Ha esposto in numerose città, in Italia e all’estero.
In particolare, si ricordano:
Quadriennale di Roma, Biennale di Milano, mostre antologiche presso la Regione Siciliana, Università Bocconi di Milano, “Maison” dell’UNESCO a Parigi, Galleria in “Rathaus Treptow” di Berlino. 1952, Salone Ducale del Municipio, Aosta – 1960, Galleria Montenapoleone, Milano – 1964, Galleria S. Maria in Piazza, Busto Arsizio – 1967, Galleria 32, Milano – 1968, Galleria La Robinia, Palermo – 1974 e 1975, Università Boccioni, Milano – 1979, Galleria L’apogeo, Napoli – 1980, Galleria L’Indicatore, Roma – 1991, Spazio d’Arte Nuovo Aleph, Milano – 1995, Università Bocconi, Milano – 1996, Galleria Re di Quadri, Rho – 1997, Spazio d’Arte Zaza oy, Helsinki – 1997, Galleria d’Arte L’Airone, Messina – 1997, Galleria Rathaus Treptow, Berlino.

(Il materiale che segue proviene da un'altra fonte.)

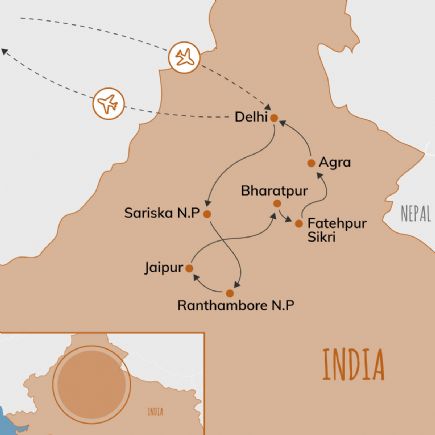 Mapa del viaje a India en Fin de Año
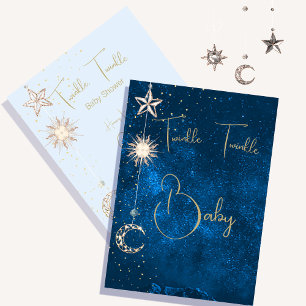 Invitation Baby shower Twinkle Stars Moon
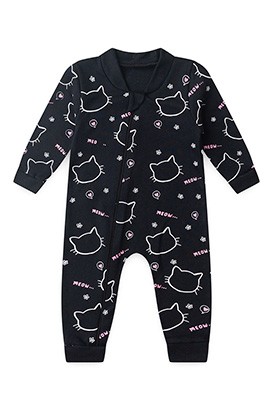 Macac�o Beb� Feminino sem P� Suedine Preto Gatinha (RN/P/M/G) - Beb� Fofuxo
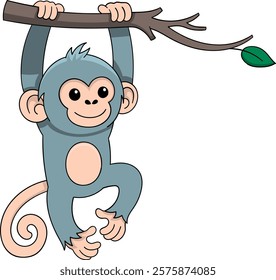 A cheerful illustration of a cute monkey hanging from a tree branch with a green leaf, showcasing a playful and energetic vibe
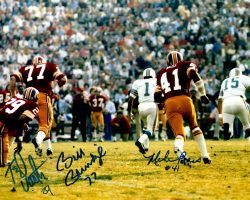 Autographed TED VACTOR, BILL BRUNDIGE AND MIKE BASS 8x10 Washington Redskins Photo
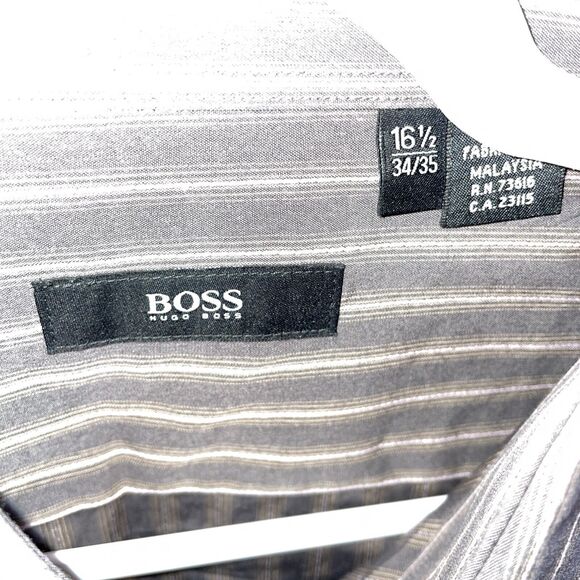 Hugo Boss Dress Shirt Men’s Size Large Gray Striped Long Sleeve Button Up - Picture 2 of 12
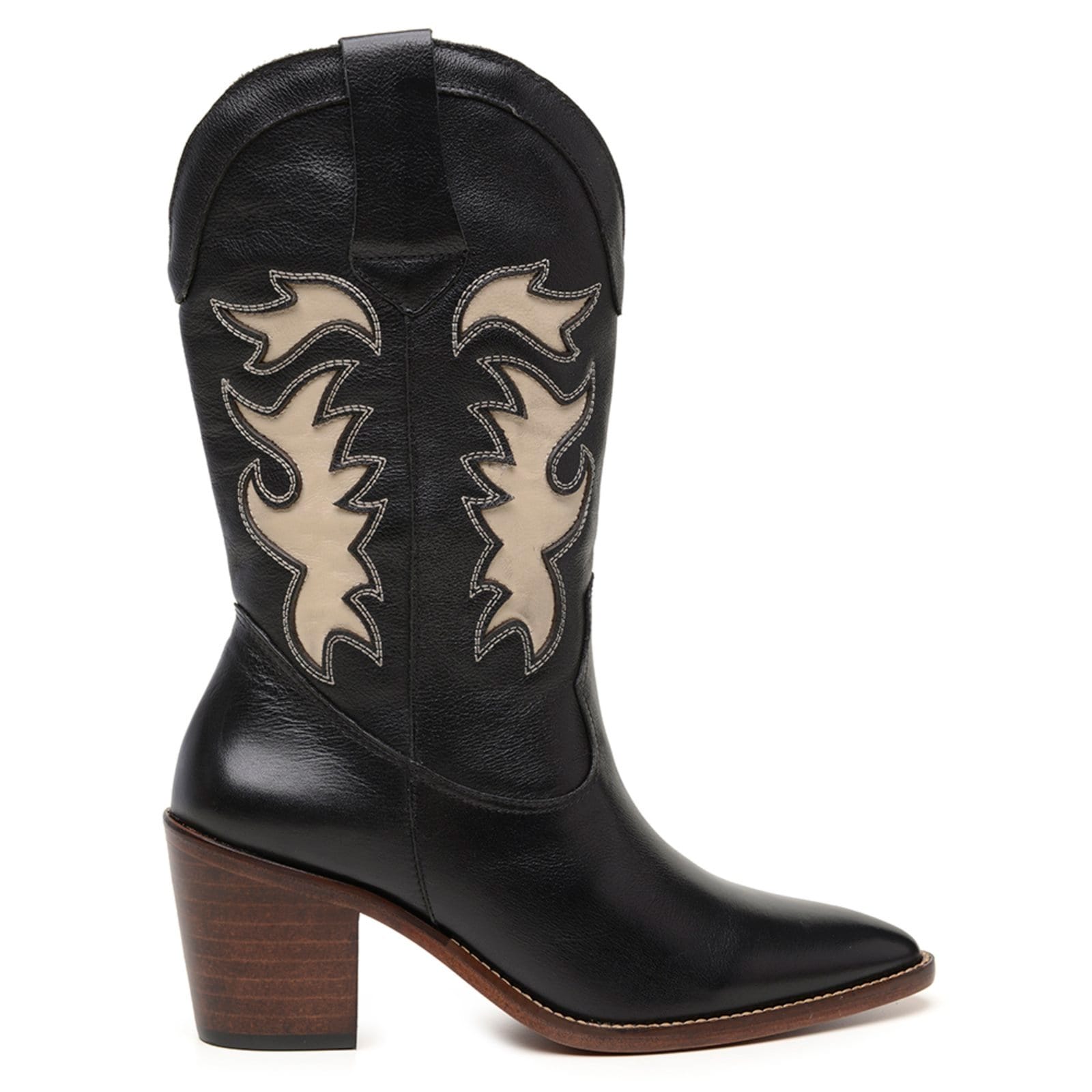 Vista 2 Bota Feminina Western Couro Anna Andrada Texana Cano Alto Sola Couro Tendência Anna Andrade preto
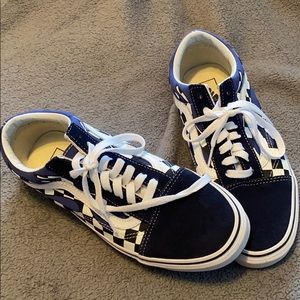 Blue black and white lace up vans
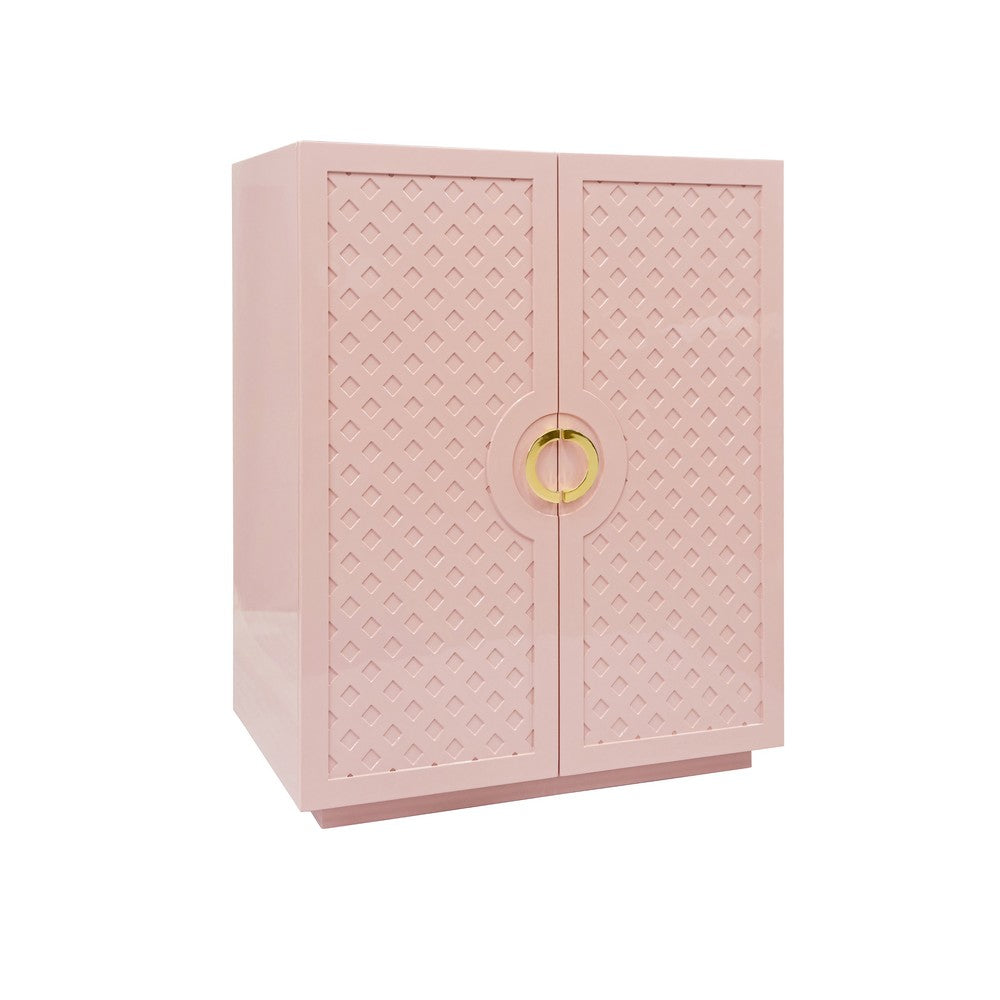 Worlds Away - Two Door Cabinet With Lattice Overlay And Brass Circle Hardware In Pink Lacquer - POPPY PI view 1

Ha ricevuto diversi premi, fra i quali si ricordano:
1961, Premio Francesco Torri, Milano – 1963, Premio Suzzara, Milano – 1964, Premio Tettamanti e Premio Affori, Milano – 1968, Il Polifemo d’Argento, Zafferana Etnea – 1970, Il Jumbo Jet d’Oro, San Remo – 1990, 1° Premio Mostra Nazionale, Trivero – 1990, 1° Premio Mostra Nazionale, Cologno Monzese.
Dell’opera di Mario Bardi hanno scritto:
D. Cara, L. Budigna, R. Usiglio, F. Grasso, R. De Grada, N. Vasile, D. Villani, M. Monteverdi, E. Fagiani, A. Gatto, E. Pietraforte, N. D’Alessandro, G. Seveso, M. Ganci, G. Bonanno, I. Mattarella, G. Quattriglio, V. Consolo, Leonardo Sciascia.

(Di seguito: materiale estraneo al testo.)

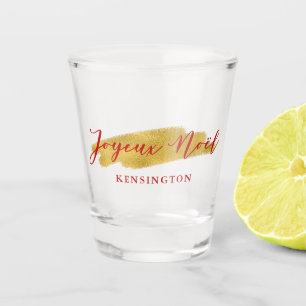 Copo De Shot Elegante Moderno Folha de Ouro Joyeux Noel Natal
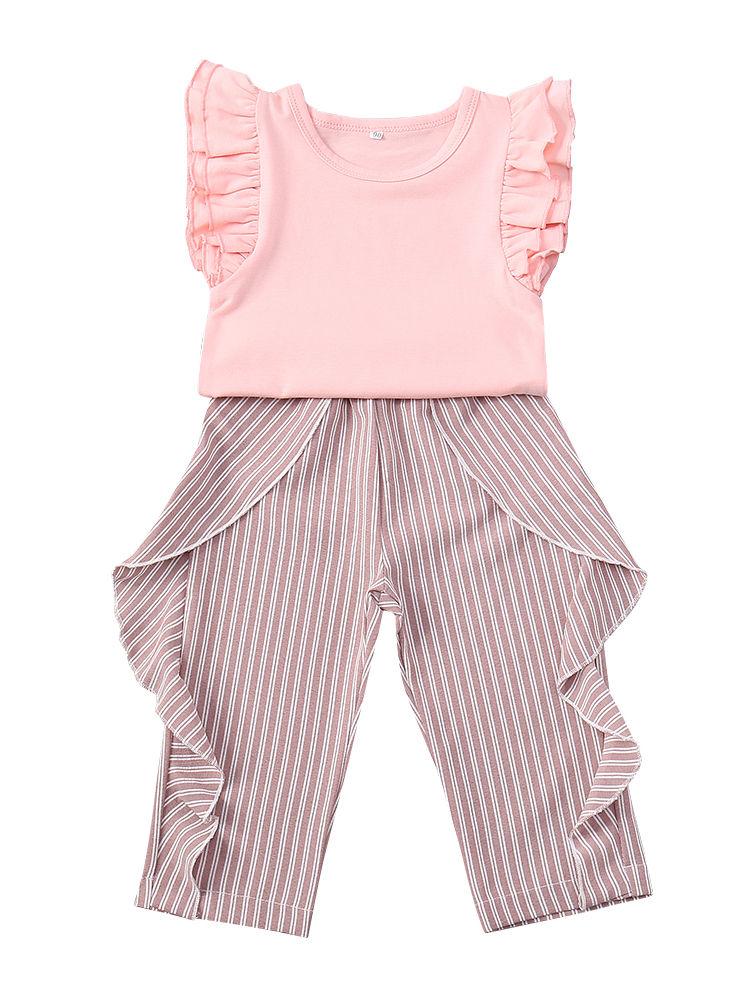 Summer Clothes Outfits Set Short Flutter Sleeve Pink Blouse Top + Frilled Striped Pants - dianjiang-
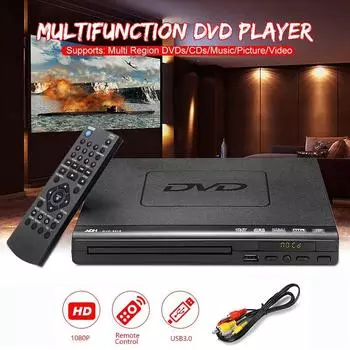 DVD-плеер 15 Вт, 1080P, многократное воспроизведение с пультом дистанционного управления, просмотр под разными углами, мини-DVD-плеер USB 1080p с USB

Di lui hanno scritto presentazioni e note critiche:
Luigi Bonifacio, Leonardo Borgese, Dino Buzzati, Antonio Carbè, Ennio Cavalli, Matteo Collura, Mario De Micheli, Renzo Margonari, Giorgio Mascherpa, Aurelio Natali, Franco Passoni, Franca Presicci, Edoardo Rebulla, Giuseppe Servello, Gino Traversi.
La rosa
Di questa sua “Rosa” dipinta per Casoli, Mario Bardi non può più scrivere, perché ci ha lasciati ormai da qualche anno. Opulenta e sensuale, malinconica ed elegante quella che vediamo qui è una immagine che riassume non solo il carattere di fondo di tutta la sua pittura, il particolarissimo modo che ha avuto di intendere la figurazione, ma anche, se possiamo dire così, l’animo stesso dell’uomo, la conformazione lirica del suo sguardo rivolto al mondo e alle storie della vita. La sua arte è stata infatti, in un certa maniera, un sguardo di realismo rivolto al pensiero delle cose ma anche una sorta di aspra, sensuosa, risentita sensibilità barocca rivolta alla realtà. “Non c’è niente nella sua pittura – aveva scritto Sciascia di lui – che la Sicilia non possa spiegare”. Ed è proprio la Sicilia il perno interiore sul quale ruota ogni cosa dei suoi colori, del suo segno, delle sue liquide metafore di spazi, corpi, luci e tempi. Sicilia e sicilianità come appartenenza e nostalgia ma, anche, come emblema più largo del mestiere di vivere, come segno di intensità emozionale. Il dipingere di Bardi, infatti, ha traversato per oltre sessant’anni le stagioni senza mai abbandonarsi alle oscillazioni del gusto, sempre assorto ai veri suoi motivi interiori. In tutti, quando più melanconici o esistenzialistici quando più turgidamente e sensualmente figurativi, lo splendore sonoro e solare appunto della sua Sicilia. In tutti, ancora, come accade anche in questo dipinto murale, un suo modo, una sua cifra sempre riconoscibile sospesa tra cronaca e memoria, tra racconto e contemplazione, dove spunti sociali e critica civile, memorie intime, amori e passioni ci ripropongono il gusto, anche raffinato, di guardare alla pittura non solo come a una realtà dell’uomo, ma anche, davvero, come a una sua qualità.